Chantal Dube is a spokesperson for Spousal Sponsorship Advocates, a 5,000-member advocacy group that has been lobbying for family reunifications during COVID-19. She said officials almost always refuse to grant a visitor’s visa if they don’t believe that the applicant’s stay in Canada will be temporary. Those being sponsored by their Canadian spouses are viewed to have the intent to overstay, she said.

The majority of the advocacy group’s members have a spouse from a visa-required country. A survey it conducted in September found only five per cent — or 29 of the 553 respondents — have had their foreign spouses’ visitor visas approved.

“As we are watching all these other spouses and partners and extended family members being granted permission to come to Canada, we have members of our group who can’t even come for the birth of their children. It’s very difficult to wrap our head around it,” said Dube.

“How’s that fair and compassionate? That’s a misstep for our government.

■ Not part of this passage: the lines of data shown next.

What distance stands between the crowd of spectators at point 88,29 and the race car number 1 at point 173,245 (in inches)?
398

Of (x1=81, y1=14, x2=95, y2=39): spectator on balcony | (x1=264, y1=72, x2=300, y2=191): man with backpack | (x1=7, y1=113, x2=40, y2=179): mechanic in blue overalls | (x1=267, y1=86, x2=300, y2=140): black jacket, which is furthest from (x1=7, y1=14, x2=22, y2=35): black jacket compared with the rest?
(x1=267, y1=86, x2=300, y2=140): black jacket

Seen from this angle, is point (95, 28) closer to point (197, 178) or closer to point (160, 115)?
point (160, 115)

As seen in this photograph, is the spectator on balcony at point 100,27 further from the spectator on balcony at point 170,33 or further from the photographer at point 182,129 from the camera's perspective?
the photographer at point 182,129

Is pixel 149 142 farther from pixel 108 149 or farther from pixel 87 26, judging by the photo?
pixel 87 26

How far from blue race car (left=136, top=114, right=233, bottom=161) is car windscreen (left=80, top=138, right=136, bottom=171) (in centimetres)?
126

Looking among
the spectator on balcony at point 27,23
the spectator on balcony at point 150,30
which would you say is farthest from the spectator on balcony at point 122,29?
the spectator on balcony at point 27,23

It’s important to investigate a possibility of systemic discrimination going on.”

Dube is from Sault Ste. Marie, Ont., and her husband, Arvind Singh Grewal, is from India. With their spousal sponsorship application in the system since last October, he has not applied for a visitor visa, for just this reason.

“Why would we put our spousal sponsorship applications at risk by overstepping the boundaries of the time limit put on the temporary visas?” asked Dube, whose members will stage a national virtual protest Saturday.

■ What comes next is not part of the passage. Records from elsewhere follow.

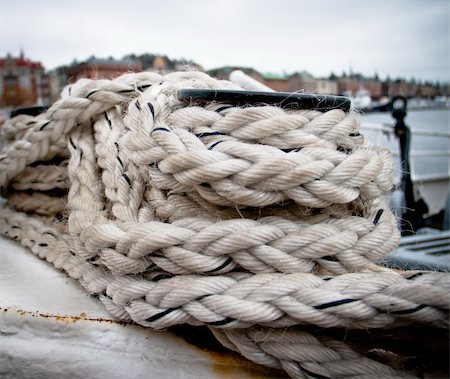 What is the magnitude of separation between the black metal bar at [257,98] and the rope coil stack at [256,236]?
0.05 feet

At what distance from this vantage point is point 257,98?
672mm

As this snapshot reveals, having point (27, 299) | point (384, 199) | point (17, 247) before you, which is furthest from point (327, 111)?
point (17, 247)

Opposition NDP immigration critic Jenny Kwan said officials often “robotically” refuse applicants, citing their lack of travel history and assets in their home country.

“We have dealt with cases where people are still rejected on this ground even if they have had travel history without incident,” Kwan said.

“It’s as if the travel history for individuals in developing countries is somehow less valid than those in developed countries. It is as if there is some unspoken rule that the standards to obtain a travel visa for those from developing countries are much higher.”

Deanna McConnell of Perth, Ont., said her Haitian husband, Jean Bernard Valeus, has had his visitor visa applications refused twice because immigration officials were not convinced he would leave Canada after his stay.

That was on top of a refusal of their first spousal sponsorship in 2018 because officials didn’t believe it was a genuine marriage. A new sponsorship application was submitted in February 2019 and a decision is pending.

“Our lives are on hold with no recourse. On Feb. 14, 2021, we will be married for four years. That is less than three months away. We are at the mercy of the system,” said McConnell, who met Valeus while visiting her cousin in Haiti in 2011.

“Why is this so difficult?”

Joelle Bruneau of Val-David, Que., was so sick and tired of the separation from her husband, Erick Pineda in Honduras, that she and their 20-month-old daughter, Estrella, flew down to see him as soon as his country’s border reopened in August.

He has twice been refused a visitor visa during Bruneau’s pregnancy and twice after the girl’s birth. Meanwhile, Bruneau said the parents of her friend were allowed to visit Canada from France during the pandemic.

“This is totally unfair. It’s a racist system we live in. All the people from privileged systems can come and enjoy their time with their families. Erick is from a developing country. The process is so much harder for him,” said Bruneau, who met Pineda while vacationing in 2018.

“All the moments Canada Immigration has stolen from us, we will never have it back,” added Bruneau, whose spousal sponsorship has been in the queue since January 2019.

In response to a growing immigration backlog, the federal government in September announced a plan to assign 66 per cent more staff to process spousal sponsorship applications. It aims to accelerate, prioritize and finalize some 6,000 applications each month from October until December.

“We understand that the last few months have not been easy for those who are far from their loved ones in these difficult times. This is why we are accelerating the approval of spousal applications as much as possible,” said Immigration Minister Marco Mendicino.

Spousal Sponsorship Advocates says it’s great to see the government invest in addressing the backlog but what their members immediately need is a visitor visa for their loved ones to be with them in Canada now.